Whether you intend to do sub-divisions or splitters, duplexes or townhouses, brownfield or greenfield development, the best way to maximise your opportunities is to choose one council and become an expert in the development rules of that council.
But how do you pick just one council when there are so many to choose from?
For most of us it makes sense to choose from the councils in our own state or territory. Not only are we likely to be most familiar with the councils in our own backyard, sticking within our own borders puts a limit on how far we’ll need to travel to run our development projects.
Now it’s a case of whittling dozens of councils down to the one that looks like your best bet for development success. We kick off this process by reading our state or territory’s strategic plan, a hefty document that will help us understand the government’s population growth plans.
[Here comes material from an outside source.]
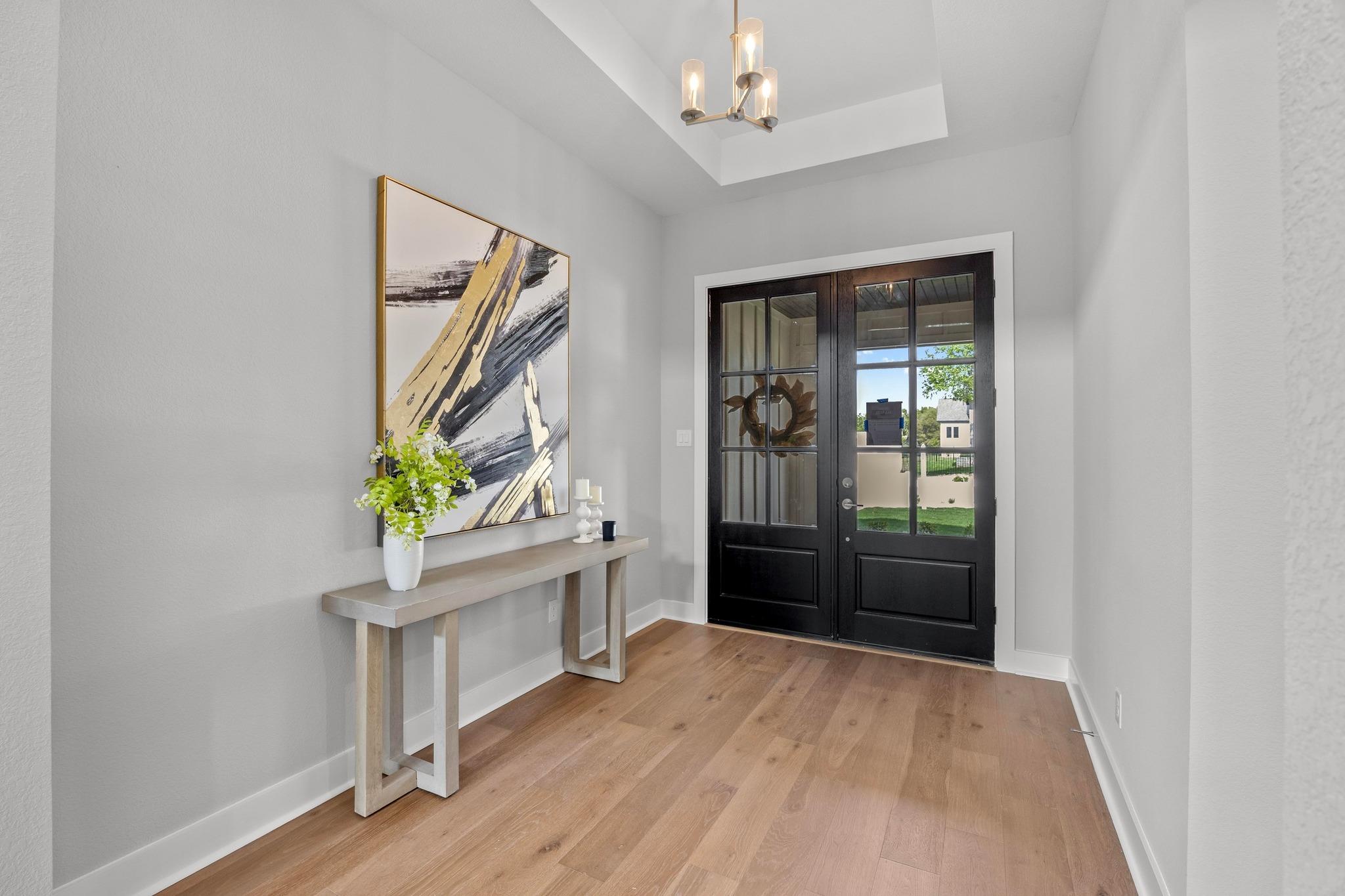2140 Quiet Stables Cir, Cedar Park, TX 78613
These plans set out a vision to manage growth and change for a given area in the context of social, economic and environmental matters. What we’re looking for is information on where the government intends to funnel population growth via housing supply strategies and new or improved infrastructure.
You’re likely to find a handful of councils in your state or territory where the government intends to increase population density. You can use Google to check the population forecasts – we’re looking for a significant population increase to support new residential development. These are the councils you’ll want to focus on.
To whittle the list down further, you’ll need to factor in two key considerations: your development strategy and your risk profile.
Your chosen council will need to support profitable projects using your chosen strategy in the deal size determined by your risk profile.